Friction was a feature, not a bug
The old structure of investing required some minimum unit of commitment. You bought one share or none. You met a minimum balance or you waited. The friction filtered out most impulse trading, not because it was designed to but because it was inconvenient. Convenience is great when the underlying activity is good for you, like vegetables or sleep. It is more complicated when the underlying activity is mixed, like alcohol, social media, or short-term trading. Removing friction from a mixed activity reliably increases volume, and increased volume in equity markets correlates strongly with worse individual returns. The same investor who buys an index fund every paycheck and ignores it tends to outperform the same investor with a fractional-shares app open during their commute. The change is the friction, not the strategy.

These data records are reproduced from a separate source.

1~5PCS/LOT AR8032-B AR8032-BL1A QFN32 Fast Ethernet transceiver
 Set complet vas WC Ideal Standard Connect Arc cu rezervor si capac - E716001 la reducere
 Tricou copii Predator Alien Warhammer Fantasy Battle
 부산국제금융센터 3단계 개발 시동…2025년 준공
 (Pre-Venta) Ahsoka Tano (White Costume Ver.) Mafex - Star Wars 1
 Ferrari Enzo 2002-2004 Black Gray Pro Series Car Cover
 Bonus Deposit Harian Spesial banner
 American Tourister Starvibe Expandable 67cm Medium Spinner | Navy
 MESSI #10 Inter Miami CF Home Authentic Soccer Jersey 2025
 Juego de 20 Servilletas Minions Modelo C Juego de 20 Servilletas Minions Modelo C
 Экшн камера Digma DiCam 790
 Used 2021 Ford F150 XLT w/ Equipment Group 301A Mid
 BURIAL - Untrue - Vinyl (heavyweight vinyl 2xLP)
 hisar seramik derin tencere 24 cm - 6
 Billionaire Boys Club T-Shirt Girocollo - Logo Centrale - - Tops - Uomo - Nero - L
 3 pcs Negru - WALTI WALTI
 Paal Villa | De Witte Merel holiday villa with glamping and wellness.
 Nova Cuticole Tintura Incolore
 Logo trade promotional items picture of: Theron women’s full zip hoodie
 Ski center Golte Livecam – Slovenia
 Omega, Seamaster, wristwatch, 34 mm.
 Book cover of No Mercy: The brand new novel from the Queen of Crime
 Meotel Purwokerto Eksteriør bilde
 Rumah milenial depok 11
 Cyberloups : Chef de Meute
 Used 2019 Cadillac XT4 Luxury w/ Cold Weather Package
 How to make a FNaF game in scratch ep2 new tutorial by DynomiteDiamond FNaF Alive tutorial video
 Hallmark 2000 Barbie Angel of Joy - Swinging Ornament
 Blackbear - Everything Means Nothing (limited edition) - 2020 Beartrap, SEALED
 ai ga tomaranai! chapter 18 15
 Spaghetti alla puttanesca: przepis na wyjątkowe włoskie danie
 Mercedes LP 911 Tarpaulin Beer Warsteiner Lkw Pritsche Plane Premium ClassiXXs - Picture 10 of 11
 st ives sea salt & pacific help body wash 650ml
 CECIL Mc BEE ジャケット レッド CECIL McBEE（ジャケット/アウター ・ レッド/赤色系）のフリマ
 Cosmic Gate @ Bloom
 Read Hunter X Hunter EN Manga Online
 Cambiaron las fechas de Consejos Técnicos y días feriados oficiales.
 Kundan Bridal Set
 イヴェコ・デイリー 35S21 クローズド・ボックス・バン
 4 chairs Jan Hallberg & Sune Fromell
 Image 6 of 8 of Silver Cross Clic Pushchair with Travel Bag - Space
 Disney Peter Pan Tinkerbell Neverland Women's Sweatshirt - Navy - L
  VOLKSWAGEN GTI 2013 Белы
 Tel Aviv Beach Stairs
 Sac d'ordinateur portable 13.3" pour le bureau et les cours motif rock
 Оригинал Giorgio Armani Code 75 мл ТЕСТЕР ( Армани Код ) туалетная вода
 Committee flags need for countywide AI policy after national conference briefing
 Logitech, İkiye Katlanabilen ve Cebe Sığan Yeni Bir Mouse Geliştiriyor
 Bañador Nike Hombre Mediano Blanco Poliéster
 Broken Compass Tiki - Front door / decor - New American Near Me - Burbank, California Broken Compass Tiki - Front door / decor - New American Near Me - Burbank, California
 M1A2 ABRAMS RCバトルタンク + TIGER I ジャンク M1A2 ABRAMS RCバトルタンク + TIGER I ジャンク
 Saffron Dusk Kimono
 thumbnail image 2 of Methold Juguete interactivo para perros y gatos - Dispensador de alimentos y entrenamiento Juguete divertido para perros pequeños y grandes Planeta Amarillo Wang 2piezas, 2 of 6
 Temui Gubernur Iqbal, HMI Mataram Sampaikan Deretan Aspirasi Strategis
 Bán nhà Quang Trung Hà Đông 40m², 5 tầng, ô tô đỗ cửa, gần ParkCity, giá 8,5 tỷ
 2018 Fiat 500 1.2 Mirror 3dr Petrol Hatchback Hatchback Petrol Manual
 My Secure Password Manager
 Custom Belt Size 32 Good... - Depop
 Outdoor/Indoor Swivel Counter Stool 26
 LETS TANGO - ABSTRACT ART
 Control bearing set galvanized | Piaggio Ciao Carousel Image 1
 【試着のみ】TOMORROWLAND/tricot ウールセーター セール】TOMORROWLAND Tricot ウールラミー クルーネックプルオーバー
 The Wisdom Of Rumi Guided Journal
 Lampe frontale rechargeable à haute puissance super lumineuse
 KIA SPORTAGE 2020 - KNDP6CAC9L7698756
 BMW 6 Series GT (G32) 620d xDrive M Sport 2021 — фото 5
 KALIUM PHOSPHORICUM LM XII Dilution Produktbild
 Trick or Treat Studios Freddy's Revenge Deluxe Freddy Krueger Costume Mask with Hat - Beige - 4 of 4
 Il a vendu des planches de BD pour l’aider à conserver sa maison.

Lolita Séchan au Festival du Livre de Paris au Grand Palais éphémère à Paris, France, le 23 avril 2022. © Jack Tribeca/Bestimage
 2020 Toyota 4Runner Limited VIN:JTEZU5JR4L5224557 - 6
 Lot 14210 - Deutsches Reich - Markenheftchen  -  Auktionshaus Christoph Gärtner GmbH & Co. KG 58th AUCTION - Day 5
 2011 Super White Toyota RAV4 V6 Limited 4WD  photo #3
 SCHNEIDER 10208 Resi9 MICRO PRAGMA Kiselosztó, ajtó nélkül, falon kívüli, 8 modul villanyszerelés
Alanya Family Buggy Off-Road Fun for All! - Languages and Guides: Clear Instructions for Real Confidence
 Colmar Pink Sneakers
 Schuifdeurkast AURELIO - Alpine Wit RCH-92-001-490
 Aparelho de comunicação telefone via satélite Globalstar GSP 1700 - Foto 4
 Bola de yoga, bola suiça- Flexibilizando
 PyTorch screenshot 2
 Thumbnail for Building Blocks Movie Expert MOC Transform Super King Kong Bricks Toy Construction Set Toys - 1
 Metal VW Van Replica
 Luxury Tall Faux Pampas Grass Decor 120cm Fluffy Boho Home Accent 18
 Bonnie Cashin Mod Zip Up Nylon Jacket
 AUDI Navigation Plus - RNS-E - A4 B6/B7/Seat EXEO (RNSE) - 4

The data on retail trading is unflattering
A 2022 study by JPMorgan found that retail investors who traded most frequently underperformed buy-and-hold benchmarks by a wide margin, even after adjusting for transaction costs. A series of studies on Robinhood-style platforms found similar patterns: more trades, smaller positions, worse risk-adjusted returns. Behavioral economists have identified the mechanism fairly clearly. Frequent small purchases create the illusion of activity and progress, even when the activity is net-negative. The dopamine signal from making a trade is the same whether the trade was a good idea or not. Fractional shares amplify this loop, because the dollar amounts feel small enough that any individual decision feels low-stakes, even though the cumulative effect over years is substantial.
The marketing problem is that the right advice is boring
Brokerages promoting fractional shares emphasize accessibility, education, and choice. None of these things are wrong. But the most useful advice for someone using a fractional-shares product is also the least profitable for the platform: pick a broad index fund, automate weekly purchases, and turn off the app. The platforms know this. The reason the apps default to a feed of trending stocks rather than a single recurring purchase of VTI is that engagement is the business model. The educational content is sincere and the engagement loop is also sincere, and they are pulling in opposite directions. Sophisticated users navigate both. Most users navigate one.
Bottom line
Fractional shares are a useful tool that work best when you treat them like a savings account with a stock-fund backend, and worst when you treat them like a casino with low minimums. The structural change is real and democratizing. The behavioral change it enables is real and, for most users, costly. Knowing the difference is most of the work.